__Saved entries__
====================

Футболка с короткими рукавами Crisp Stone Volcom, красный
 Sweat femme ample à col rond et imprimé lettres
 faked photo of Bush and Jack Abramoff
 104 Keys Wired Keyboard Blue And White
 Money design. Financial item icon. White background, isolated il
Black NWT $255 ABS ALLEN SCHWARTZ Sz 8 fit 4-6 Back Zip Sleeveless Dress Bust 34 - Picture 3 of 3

====================

__Problem to solve__
Of the records above, copy each line that includes "White".

__Answer section__
 104 Keys Wired Keyboard Blue And White
 Money design. Financial item icon. White background, isolated il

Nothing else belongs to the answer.